A year ago, the glider-ride outfit Stowe Soaring shut down to take stock of its future after its owner and pilot, Don Post, died, along with two passengers, in a crash on Sterling Mountain.
Now, the company is permanently closed. The prominent sign was removed last week from the Morrisville-Stowe State Airport, a sign that had been there so long that you can still see the silhouettes from its letters, gray on white.
Meanwhile, the aftermath of the crash drags on.
The National Transportation Safety Board has not yet completed its investigation. And the family of the two Connecticut passengers who died in the crash — Suzanne Moroz and Francis Moroz III — is trying to lay claim to Post’s estate, asking for millions of dollars in recompense for their deaths.
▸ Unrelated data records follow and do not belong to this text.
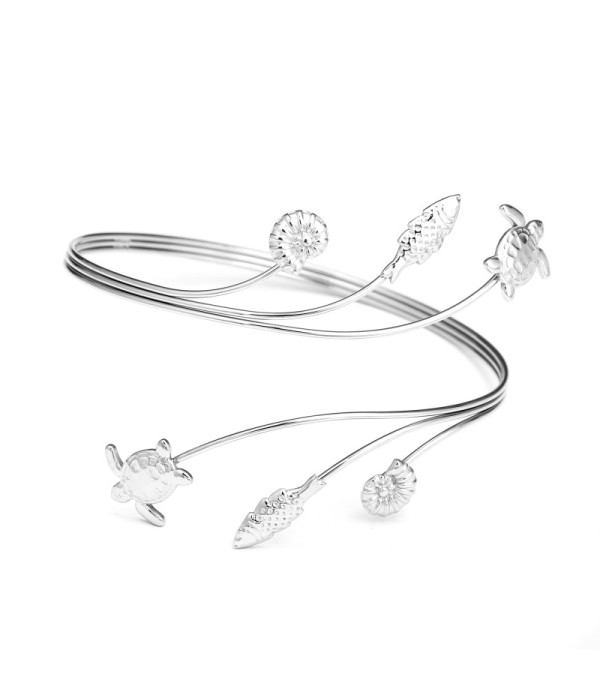 Brazalete de brazo plateado con tortugas, caracolas y pez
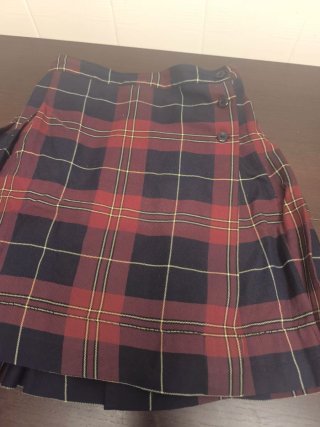 Falda de cuadros estilo colegial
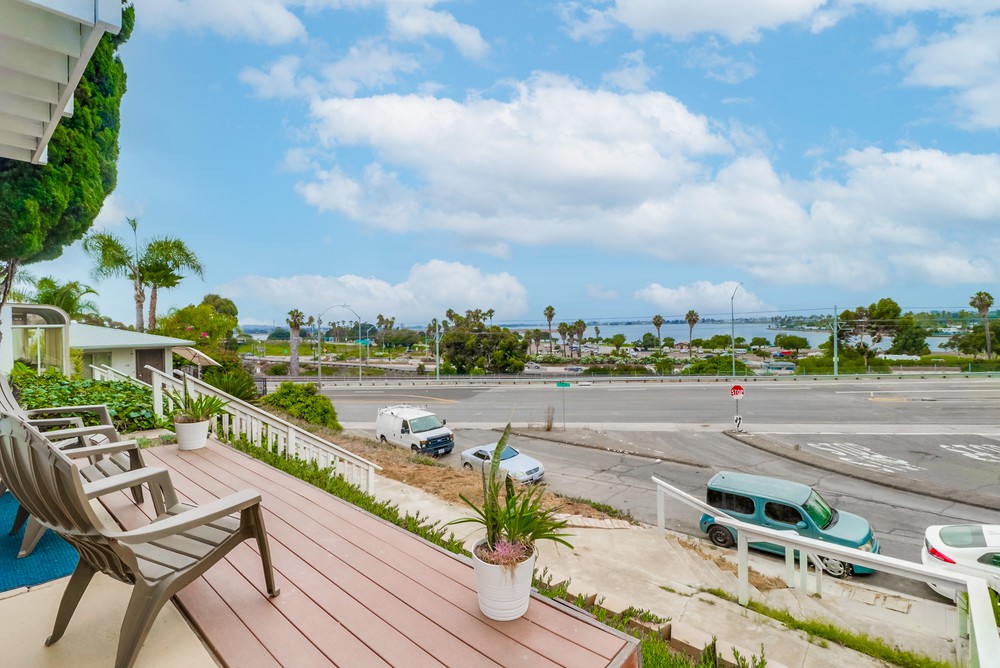 Virtual tour photo 9 of 62 for 2877 McGraw St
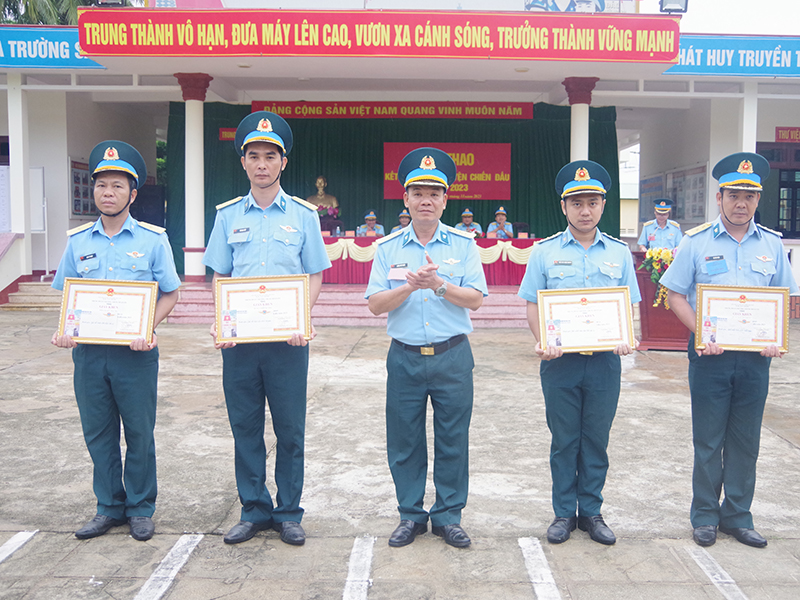 Trung đoàn 292 tổ chức Hội thao kết thúc huấn luyện chiến đấu năm 2023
Members of the Post family declined to talk, citing the ongoing legal dispute.
Family friend and pilot Doug White said the legal issues and the crash investigation have taken a toll on the family in unforeseen ways. For instance, White says, the family hasn’t even been able to get Post’s cellphone back to see what kind of memories might be stored on there, because it’s evidence.
Wrongful death claim
On Aug. 29, 2018, Post, 70, and his passengers Frank Moroz III, 58, and Suzanne Moroz, 56, of Hamden, Conn., were killed when the glider Post was piloting crashed near the summit of Sterling Mountain in Morristown.
The Schweizer SGS 2-32 took off at about 11:30 a.m. from the Morrisville-Stowe State Airport, where the company was based, towed by a single-engine plane that released the glider at an altitude of about 4,500 feet, according to the National Transportation Safety Board.
The final NTSB report is still not complete, so no cause of the crash has been determined, but according to the preliminary report issued Sept. 6, 2018, the glider “came to rest in a near-vertical, nose-down” position.
Post’s death certificate notes only that he died instantly of blunt impact.
The accident report says the tow pilot told investigators the flight was meant to be a 30-minute sightseeing tour. A witness hiking near Sterling Pond saw the glider and tow plane disengage and “he watched the glider ‘disappear’ into the clouds.” The tow pilot told investigators that he had to weave around the clouds, but there was plenty of room between them and the air was “really smooth.” Some of the mountaintops were partially obscured.
Post was an experienced pilot with thousands of hours in the sky — the NTSB report says logbooks revealed Post had accrued 3,103 total hours of flight experience, 1,214 of them in gliders. The most recent inspection of the glider had been on July 3, less than two months before the crash.
Last November, Linda Post, as executrix of her husband’s estate, posted a legal notice giving any “creditors having claims against the decedent or the estate” four months to make a claim.
On Jan. 14, Brittany Cates filed a notice of claim “for wrongful death.” Cates is with Faxon Law Group of New Haven, Conn., a law firm representing the estates of both Morozes. Both claims list “several million dollars” as their amounts.
Post’s lawyer, Robert Hemley of the law firm Gravel & Shea, filed court documents on Linda Post’s behalf, saying the claims should be rejected. As reasons, Hemley noted that neither the NTSB nor anyone else has determined Post was responsible for the Morozes deaths, and no judgment in any court has established that, either.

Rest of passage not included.